Predictive Modeling and Cross-Validation

Anyone can do a fair job of describing last year's performance. But without the right tools and the most modern techniques, building a model to predict what will happen with new customers, new processes or new risks becomes much more difficult. JMP Pro includes a rich set of algorithms for building better models of your data. Some of the most useful techniques for predictive modeling are decision trees, bootstrap forest, Naive Bayes and neural networks.

The Partition platform in JMP Pro automates the tree-building process with modern methods. This platform also fits K nearest neighbors (K-NN) models.

The bootstrap forest, which uses a random-forest technique, grows dozens of decision trees using random subsets of the data and averages the computed influence of each factor in these trees. The boosted tree technique builds many simple trees, repeatedly fitting any residual variation from one tree to the next.

The Naive Bayes platform uses the principles of Bayes’ Theorem to allow you to predict a categorical response. The platform even allows predictions for combinations of predictors that do not appear in your data.

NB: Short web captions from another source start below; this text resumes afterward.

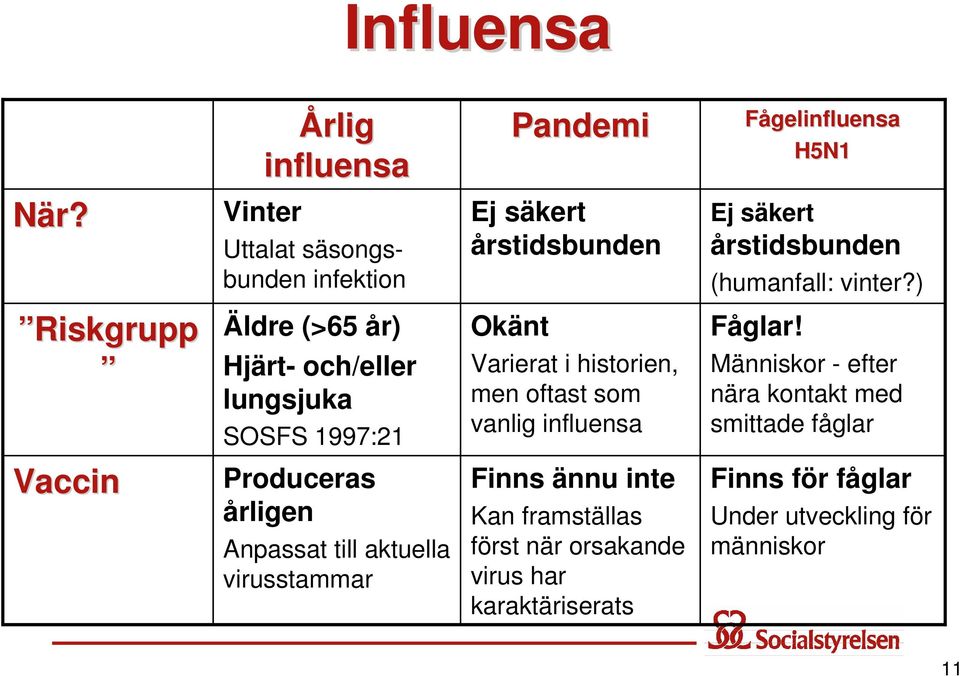Anpassat till aktuella virusstammar Pandemi Ej säkert årstidsbunden Okänt Varierat i historien, men oftast som vanlig influensa Finns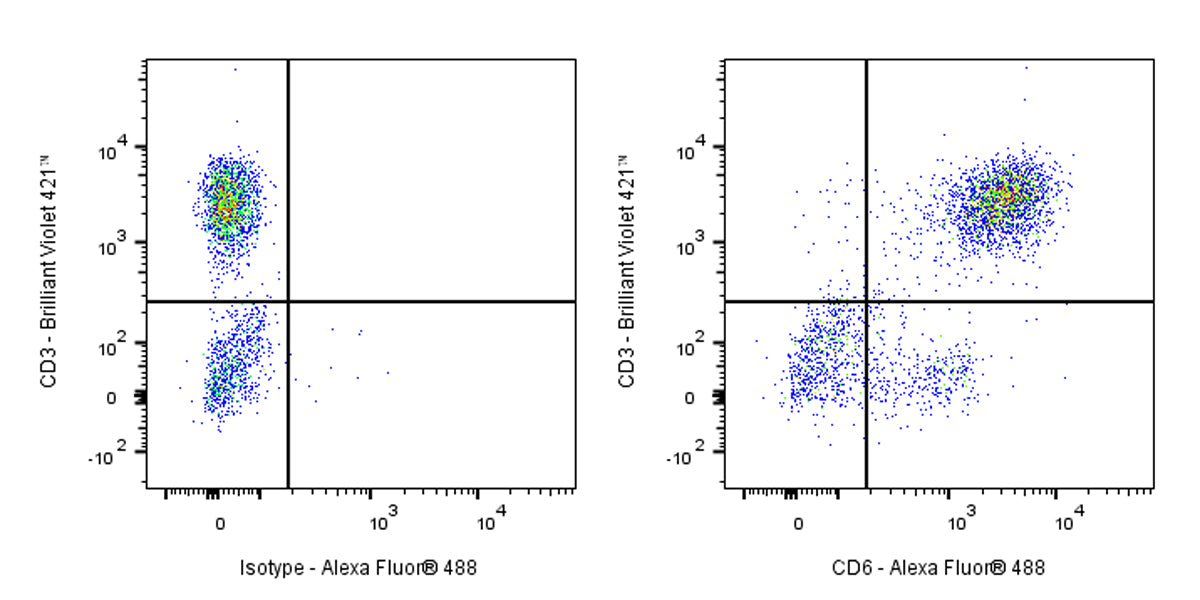 Mouse Anti-Human CD6 Antibody (S-3174)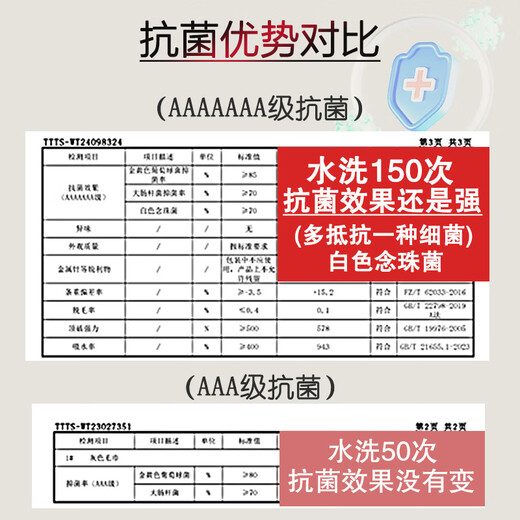 Grace 7A antibacterial bath towel for women, wearable adult bathrobe, bath skirt, quick-drying, wrapable towel for home use, absorbent, purple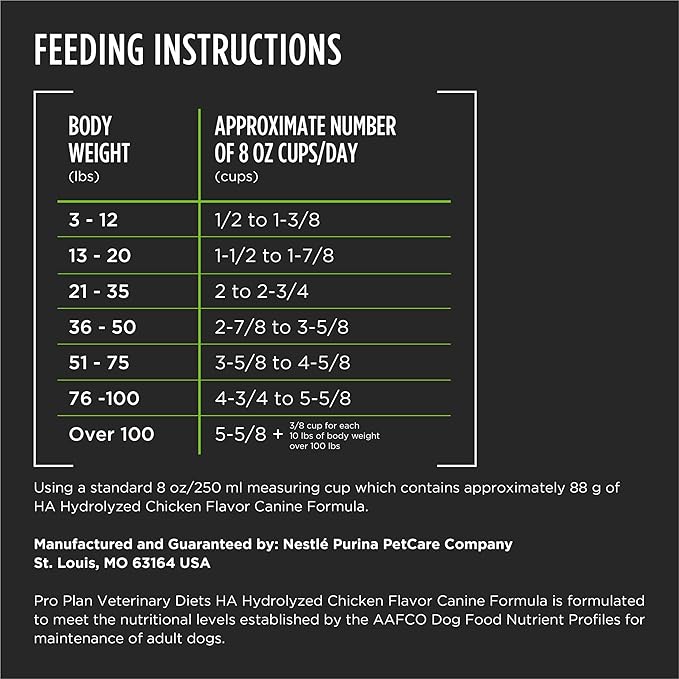 Pro Plan Veterinary Diets Purina HA Hydrolyzed Protein Dog Food Dry Chicken Flavor Formula - 6 lb. Bag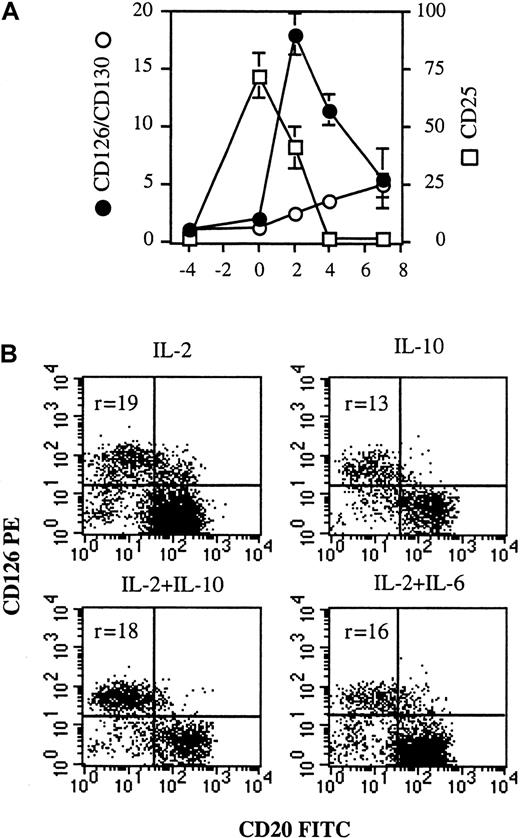 Fig. 4. CD126 up-regulation is specific for plasmablasts and not dependent on cytokine combination. / (A) From days −4 to 0, IL-2R and IL-6R expression was determined in simple-staining. From days 2-7, IL-2R and IL-6R expression was determined in double-staining with anti-CD20–FITC and anti-CD25–PE mAbs or anti-CD20–FITC and anti-CD126–PE or anti-CD20–FITC and anti-CD130–PE mAbs, respectively, and only the phenotype of the CD20− population (the differentiated population) was reported. Results are expressed as the intensity fluorescence ratio mean ± SD of 4 experiments. (B) Activated memory B cells (day 0) were cultured for 2 days in the presence of (1) 50 U/mL IL-2 or (2) 100 ng/mL IL-10 or (3) IL-2 + IL-10 or (4) IL-2 + 10 ng/mL IL-6. CD126 expression was determined as described in Figure 3. Results show 2 representative experiments out of 3.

The advanced Neural platform lets you build one- or two-layer neural networks with your choice of three activation functions and also provides automatic model construction using gradient boosting. The platform automatically handles missing values and transformation of continuous X’s, which saves time and effort and includes robust fitting options.

Each of these platforms in JMP Pro uses cross-validation, which offers a way to validate your model and generalize well to tomorrow’s data. For effective predictive modeling, you need sound ways to validate your model, and with a large model, you can easily get into trouble over-fitting. Large models should always be cross-validated, and JMP Pro does this through data partitioning, or holdback. The cross-validation technique helps you build models that generalize well to tomorrow’s data – about new customers, new processes or new risks – so you can make data-driven inferences about the future.

Dividing the data into training, validation and test data sets has long been used to avoid over-fitting, ensuring that the models you build are not reliant on the properties of the specific sample used to build them. The general approach to cross-validation in JMP Pro is to use a validation column. You can easily split your data into different sets for different purposes using the validation column utility (either with a purely random sample or stratified random).

The training set is used to build the model(s), the validation set is used in the model-building process to help choose how complex the model should be. Finally, the test set is held out completely from the model-building process and used to assess the quality of the model(s). For smaller data sets, k-fold cross-validation also can be used. This process helps you build models that generalize to new data effectively.

It is important to consider that obser­vational data can only take you so far. To truly understand cause and effect, many times you may wish to employ design of experiments (DOE). JMP provides world-class tools for optimal DOE in a form you can easily use.

Model Comparison

In the real world, some kinds of models fit well in certain situations but fit poorly in others. With JMP Pro, there are many ways to fit, and you need to find out which one is most appropriate in a given situation. A typical approach to model building is that you will try many different models: models with more or less complexity, models with or with­out certain factors/predictors, models built using different kinds of modeling methods or even averages of multiple models (ensemble models).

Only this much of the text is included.